Kenya hopes to attract international companies to take over the management and operations of its two main seaports and a critical logistics special economic zone in order to improve the efficiency and competitiveness of the facilities.

In what is shaping up as the biggest privatization endeavor in the East Africa nation’s history, the Kenya Ports Authority (KPA) has put out tenders seeking for global companies to partner with Kenyan firms and take over the running of Lamu port, sections of Mombasa port and the Lamu Special Economic Zone (SEZ).

The tenders are the clearest indication that the current administration of President William Ruto is determined to privatize port operations, an issue that has remained divisive and has often generated controversies. Similar attempts in the past have been shelved not only due to opposition by politicians and dock workers but also due to allegations of corruption and irregularities.

Only last year, global ports operator DP World was caught in a ports privatization controversy after politicians alleged the company had secretly penned a deal with the previous administration to take over the operations, development, redevelopment and management of all key strategic ports in the country.

Over the years, KPA has generally used the public service model, giving it ownership and control of virtually all the port assets. However, in line with its Ports Master Plan 2018 – 2047, which recommends gradual transit into a landlord port model, the authority is changing to include the private sector in the ports operations.

Effectively, KPA wants to bring on board experienced private companies with deep pockets to take over the management and operations of Lamu Port’s container terminal berth 1-3, Mombasa port’s berth 11-14 and Mombasa port container terminal 1. Also needed are private investors to pump resources into the development of the Lamu SEZ.

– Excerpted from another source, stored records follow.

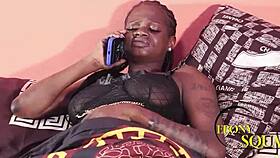 וואו, שחורה עסיסית הורמנית נזרקה על ידי שליח היום!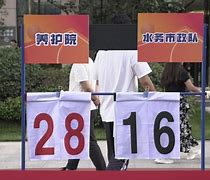 “攻守交替，比分咬得极紧，最终谁能笑到最后？”的简单介绍
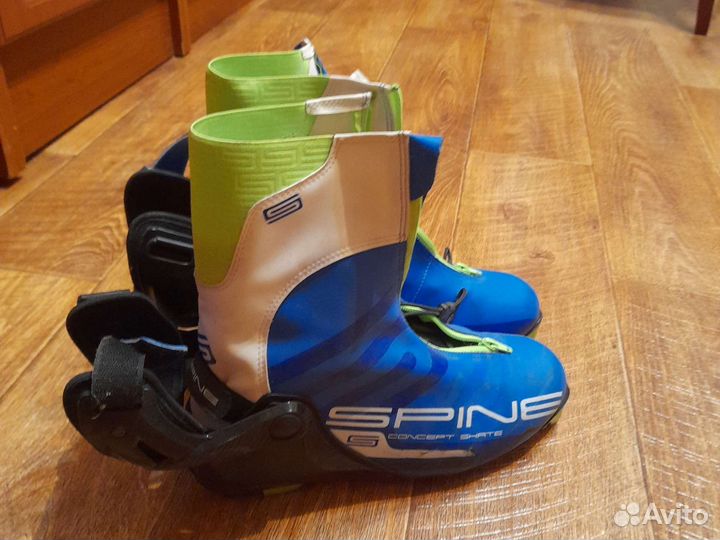 Лыжные ботинки spine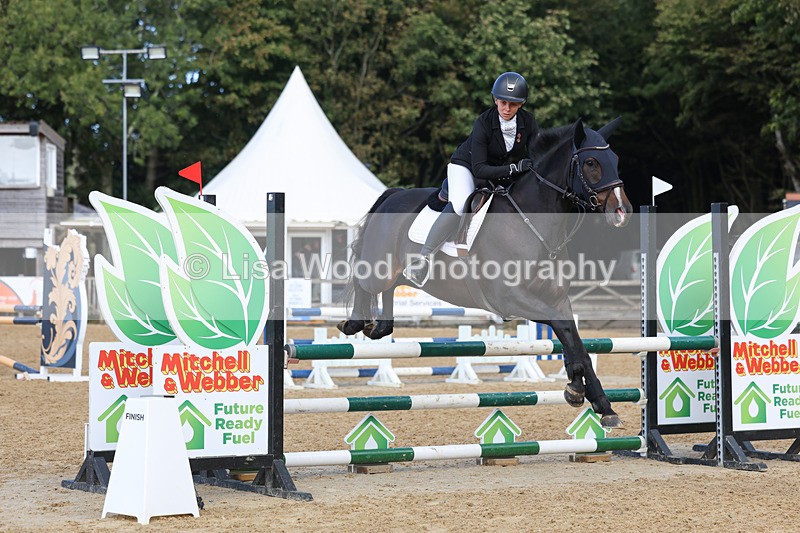 3E7A9221 - Class 9: Senior British Novice/90cm open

“KPA invites sealed bids from eligible tenderers for qualification of bidders for the development and operation of port assets through private public partnership,” said Capt William Ruto, KPA Managing Director.

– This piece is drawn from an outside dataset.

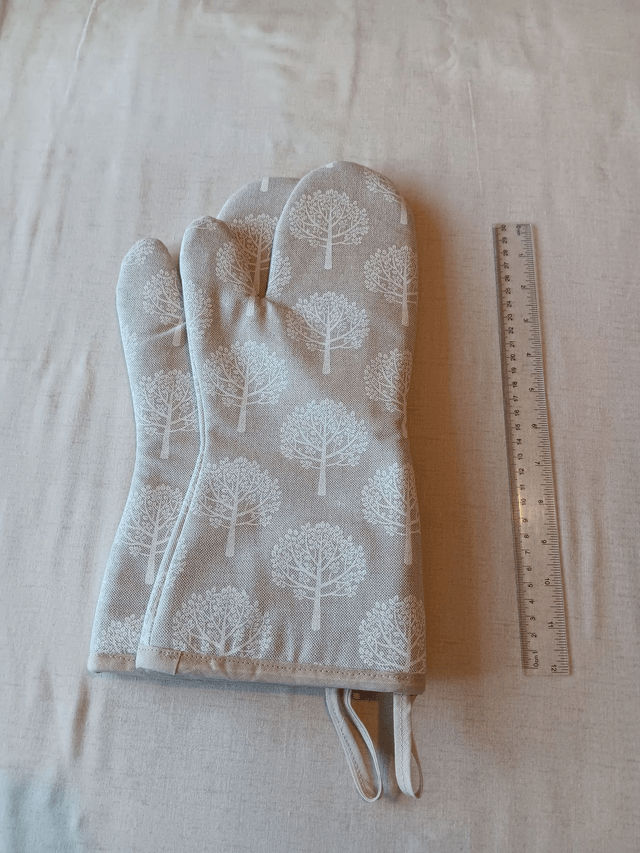 ONE Oven Gauntlet White Mulberry Trees Cotton Fabric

Owing to the high stakes and delicate process, KPA has set tough conditions for interested bidders. To start with, any global entity interested in taking over any of the assets must form a joint venture with a Kenyan company, with the local firm controlling not less than 15 percent of the total share of the project company.

The bid conditions favor giant companies, and only a handful would qualify. Bidders must have throughput of at least 10 million TEU in the last three years; minimum annual revenue of $1 billion; 10 years of experience; at least five terminals operated in Africa, Latin America and Southeast Asia; and at least two new greenfield port projects in the last 10 years. 

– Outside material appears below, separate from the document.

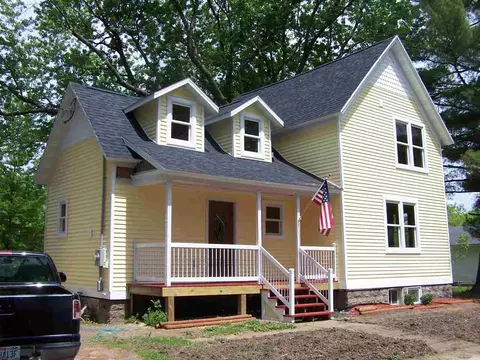 801 E 3rd St, Marshfield, WI 54449 photo 1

KPA hopes that the port privatization process will support $10 billion in economic activity. 

For Lamu port, which has largely remained as laggard since it was commissioned in May 2021 and which KPA admits has not been optimally utilized, the authority envisages a landlord concession model in which a private investor will be fully responsible for the handling of the terminal for a period of 25 years. The operator will pay KPA agreed fixed and variable fees.

The same model will apply for the Mombasa port container terminal 1, which comprises existing berths 16, 17, 18 and 19 and is a specialized terminal for handling containers. The private investor will take full control for the facility over a 25-year concession period and pay KPA fixed and valuable fees. 

For Mombasa port berth 11 – 14, the authority is opting for a design build finance operate maintain (DBFOM) structure to upgrade the terminal up to international standards. Developed in 1967 and operating as a multi-purpose berth, the facility requires strengthening, straightening and deepening.

In the case of Lamu Port, KPA wants private investors to take over the development of the special economic zone located just west of the port, which is being touted as ideal for warehousing and light industrial activities.